TASK REQUIREMENTS: Pictures aside, please retype the whole listing word for word.

DATA FOR THE TASK:

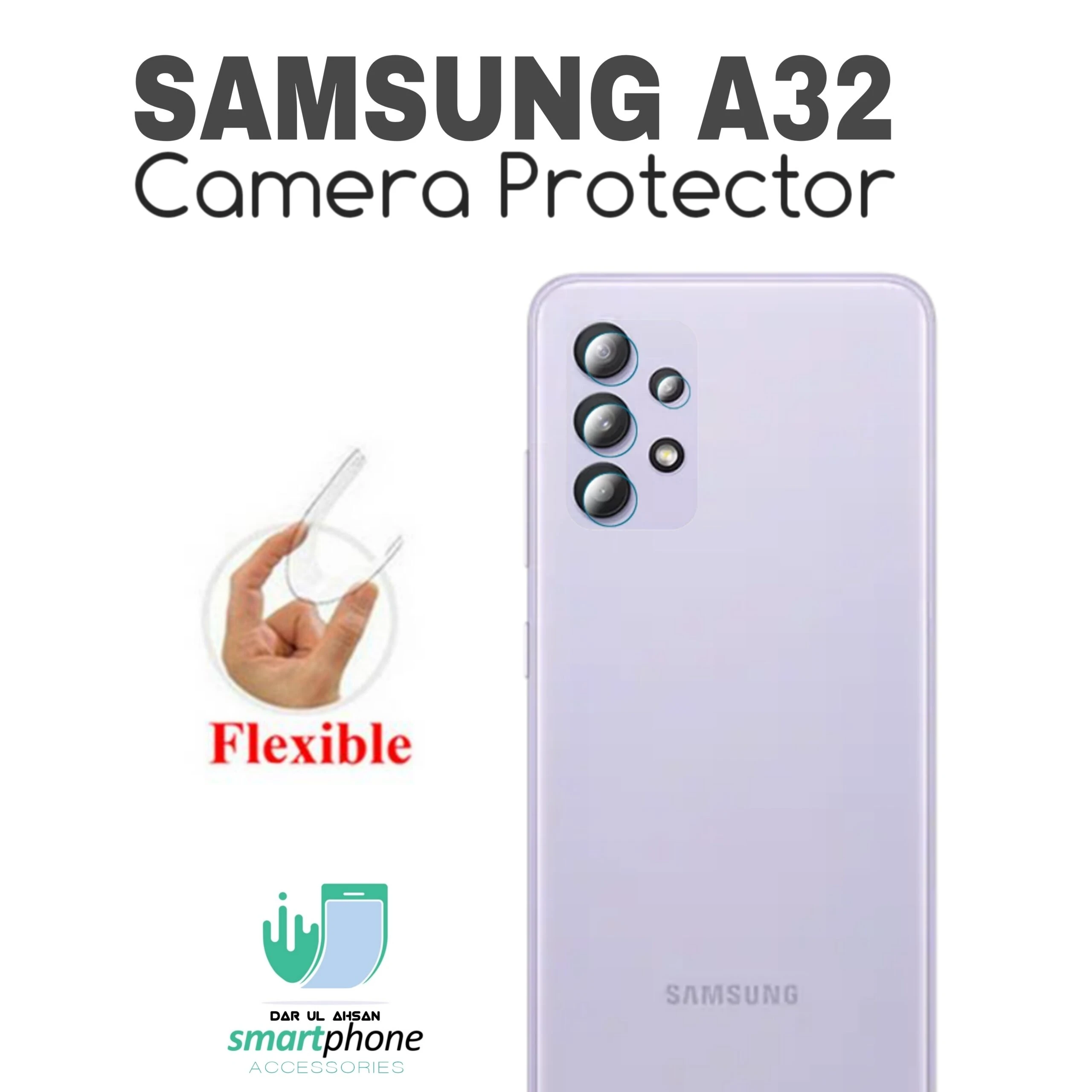 Samsung Galaxy A32 4G Back Camera 9H Gorilla Flexible Protector For Samsung galaxy A32 4G price in Pakistan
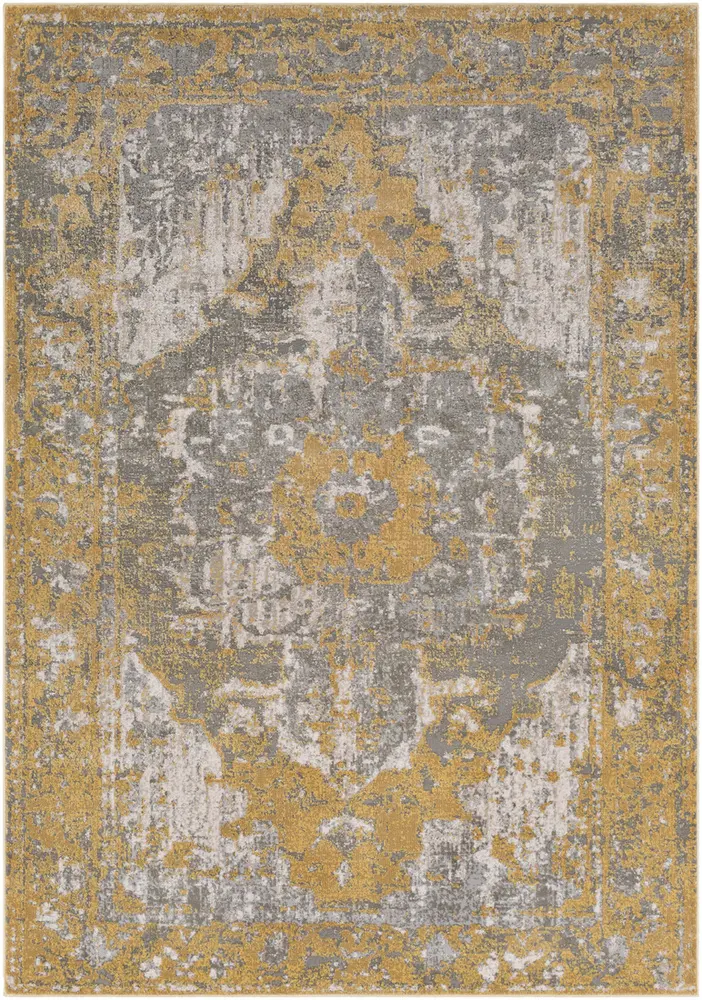 Soleil SOI-2309 Bright Yellow Transitional Traditional Rug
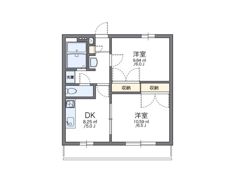 レオパレスBunga raya Duaの間取り画像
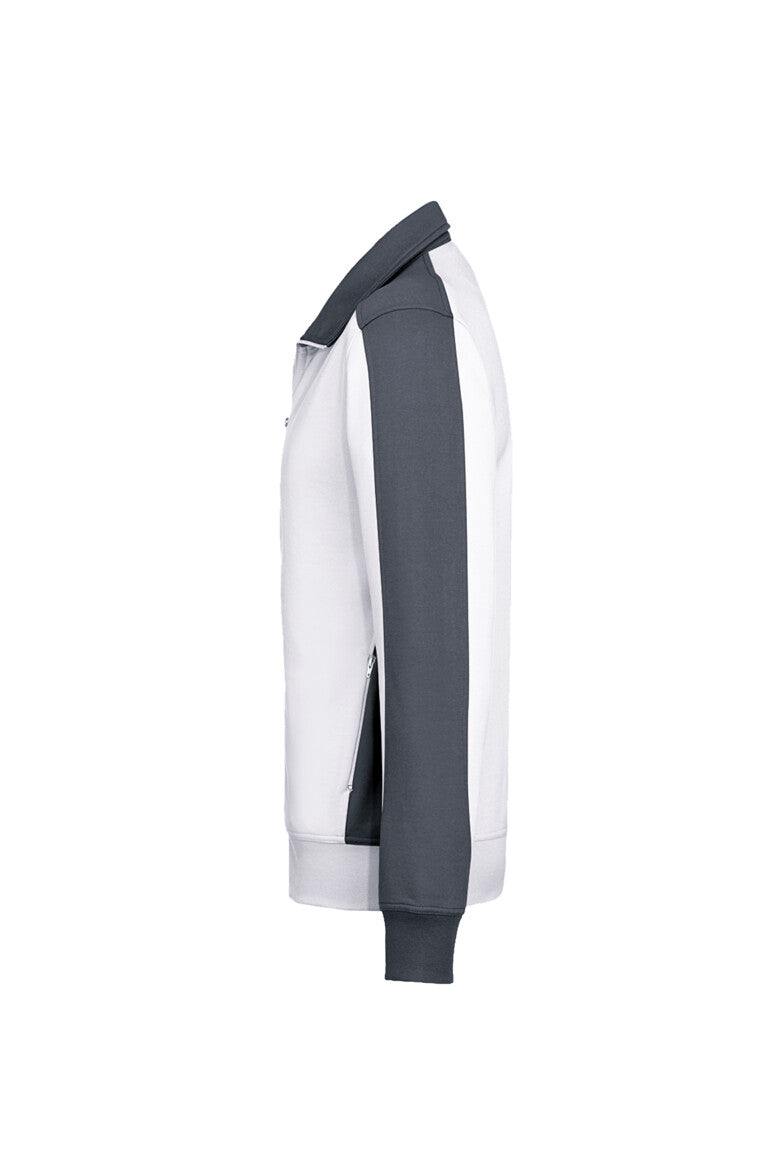 hakro-no-477-sweatjacke-contrast-mikralinar-work-performance-jacke image 4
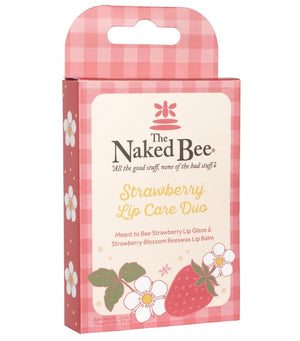 Naked Bee Strawberry Lip Care Duo Gift Set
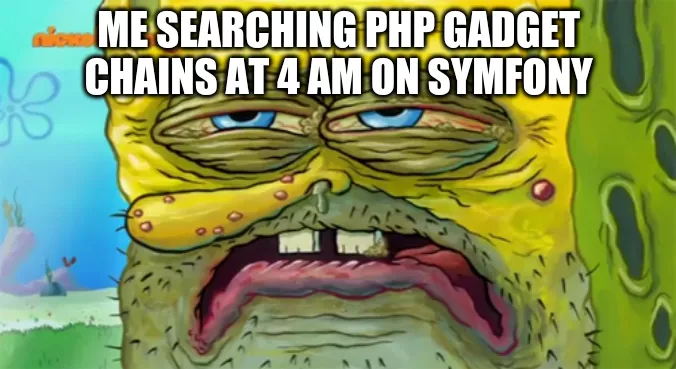 Looking for symfony POP chain be like.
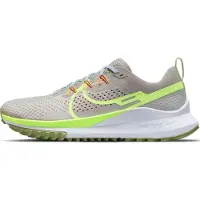 Nike React Pegasus Trail 4, Trailrunningschoenen voor heren, 47, Light Iron Ore/Cobblestone/Football Grey/Volt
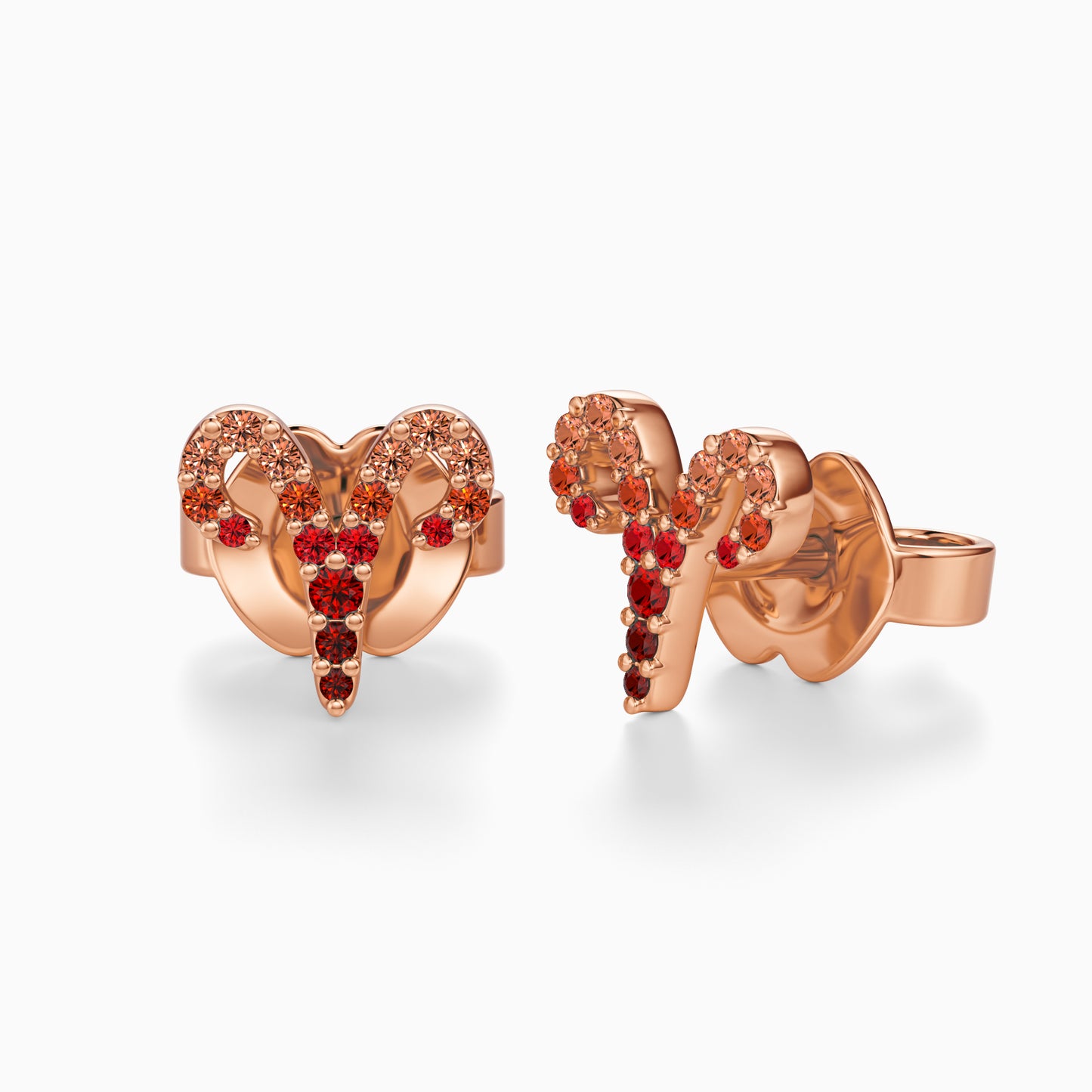 Sapphire Aries Stud Earrings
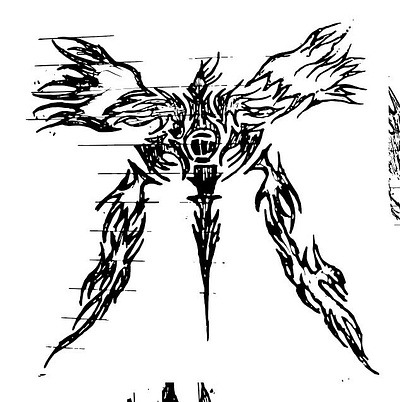 The Redestern art dark design flame illustration linear winged wingmaker
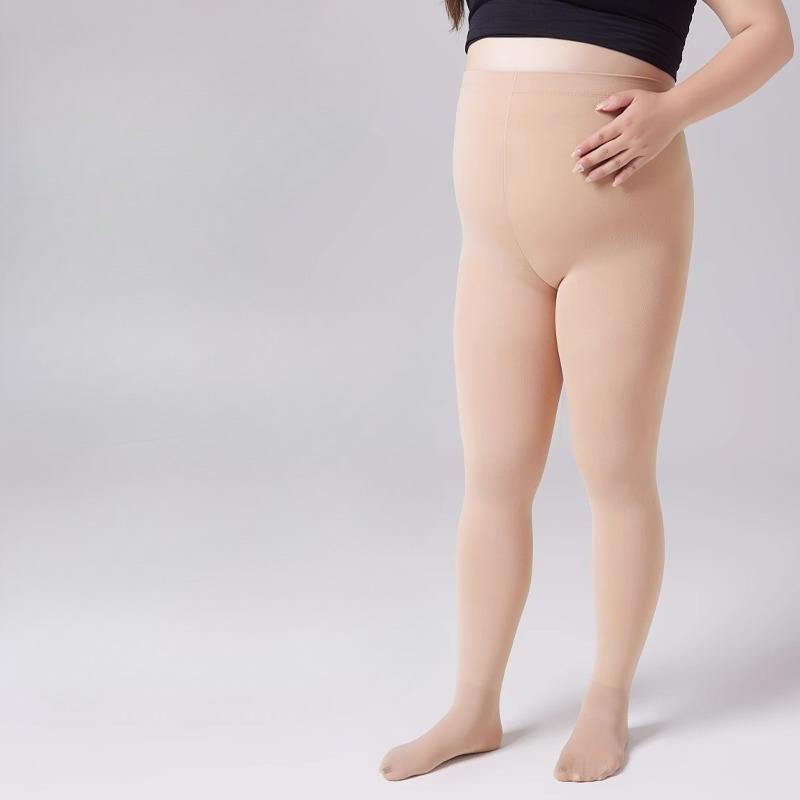 Women's Autumn Winter Bare Leg Effect Pantyhose Double Sided Crotch Fleece Lined Base Layer Tights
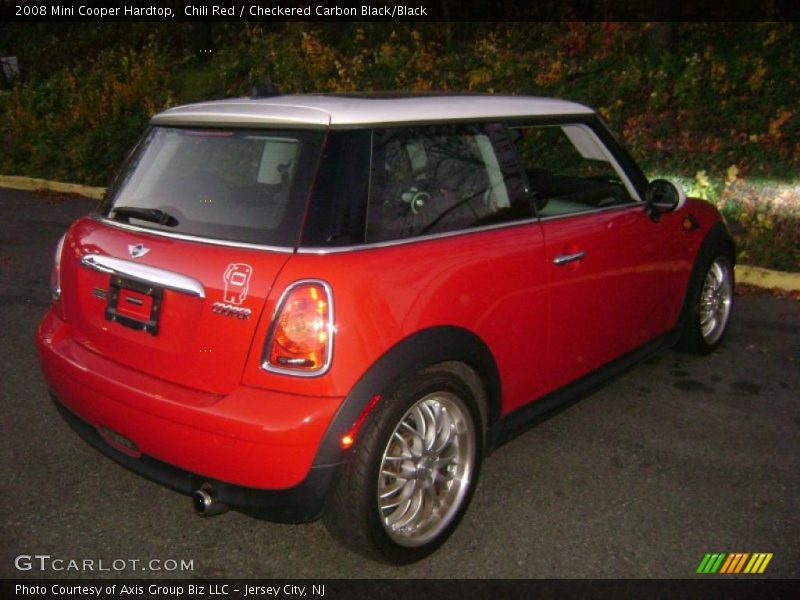 Chili Red / Checkered Carbon Black/Black 2008 Mini Cooper Hardtop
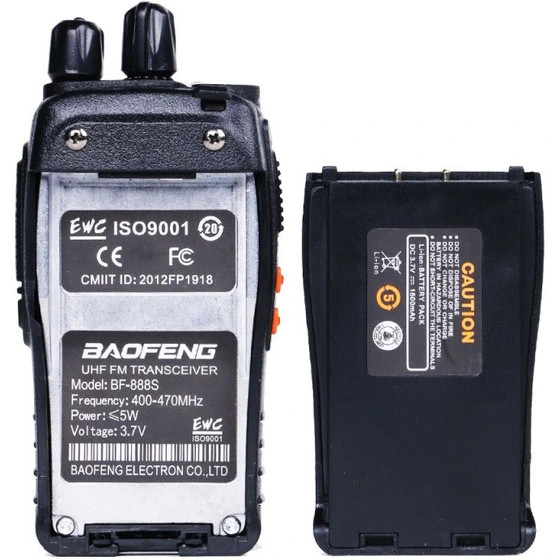 بیسیم واکی تاکی وارداتی باوفنگ دو عددی 888s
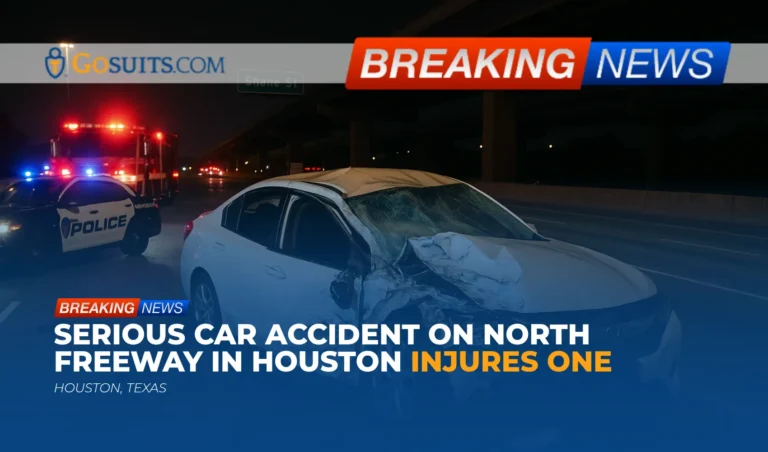 Serious Car Accident on North Freeway in Houston Injures One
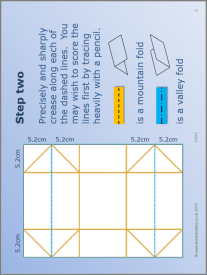 Origami trays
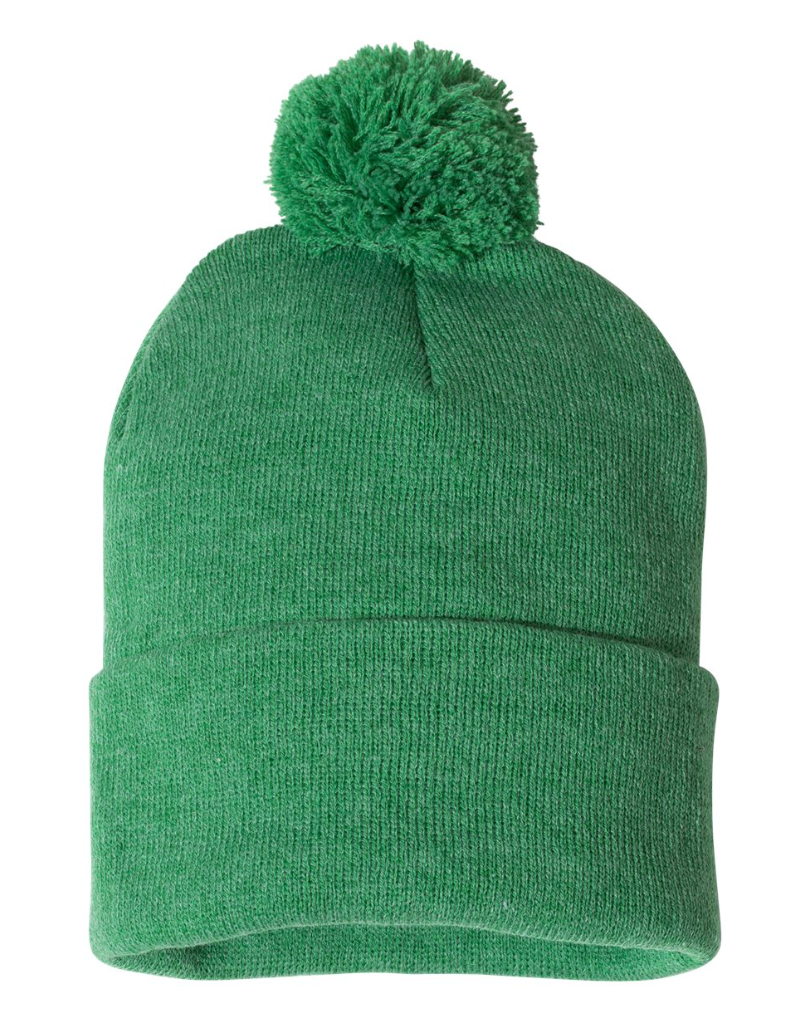 Acrylic Pompom Beanie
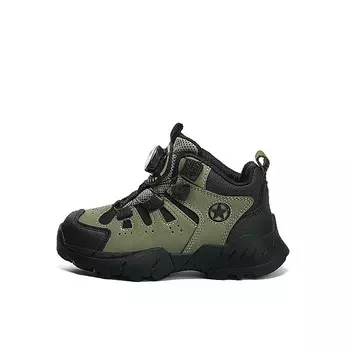 Кроссовки Jeep Kids Lifestyle Shoes Kids High-top Black, зеленый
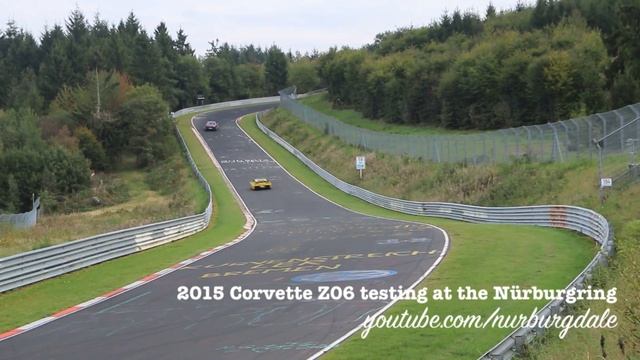 2015 Corvette C7 Z06 (Z07) testing at the Nürburgring Nordschleife! смотреть онлайн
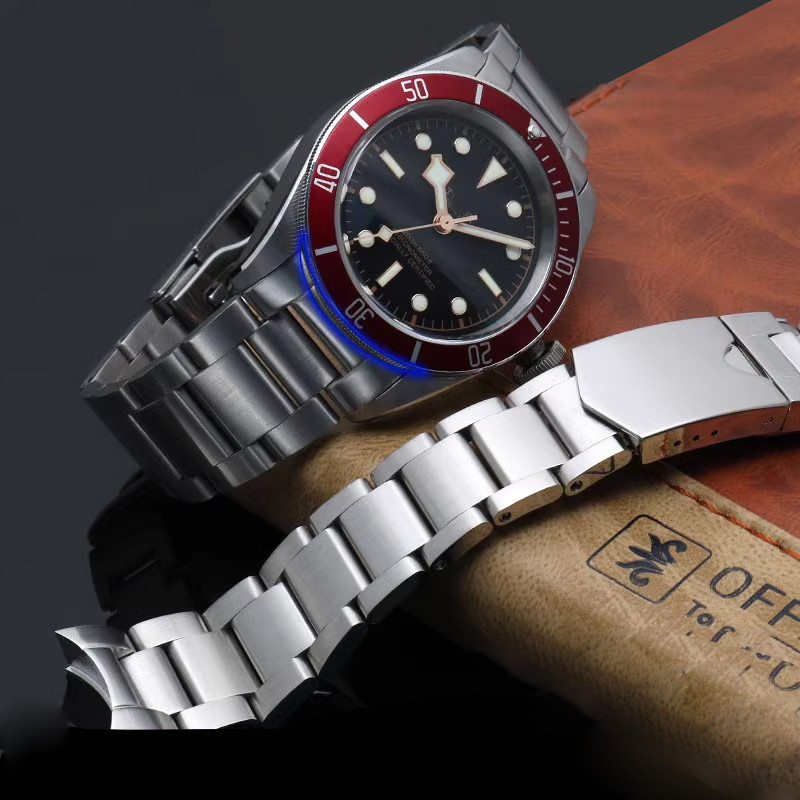 22mm Solid Stainless Steel Watchband For Tudor Black Bay 79230 79730 Heritage Chrono metal Watch Str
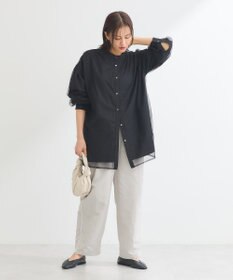 Green Parks ２Ｗａｙ　チュールドッキングシャツチュニック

WRITTEN SOLUTION:
 Samsung Galaxy A32 4G Back Camera 9H Gorilla Flexible Protector For Samsung galaxy A32 4G price in Pakistan
 Soleil SOI-2309 Bright Yellow Transitional Traditional Rug
 レオパレスBunga raya Duaの間取り画像
 hakro-no-477-sweatjacke-contrast-mikralinar-work-performance-jacke image 4
 Naked Bee Strawberry Lip Care Duo Gift Set
 Looking for symfony POP chain be like.
 Nike React Pegasus Trail 4, Trailrunningschoenen voor heren, 47, Light Iron Ore/Cobblestone/Football Grey/Volt
 Sapphire Aries Stud Earrings
 The Redestern art dark design flame illustration linear winged wingmaker
 Women's Autumn Winter Bare Leg Effect Pantyhose Double Sided Crotch Fleece Lined Base Layer Tights
 Chili Red / Checkered Carbon Black/Black 2008 Mini Cooper Hardtop
 بیسیم واکی تاکی وارداتی باوفنگ دو عددی 888s
 Serious Car Accident on North Freeway in Houston Injures One
 Origami trays
 Acrylic Pompom Beanie
 Кроссовки Jeep Kids Lifestyle Shoes Kids High-top Black, зеленый
 2015 Corvette C7 Z06 (Z07) testing at the Nürburgring Nordschleife! смотреть онлайн
 22mm Solid Stainless Steel Watchband For Tudor Black Bay 79230 79730 Heritage Chrono metal Watch Str
 Green Parks ２Ｗａｙ　チュールドッキングシャツチュニック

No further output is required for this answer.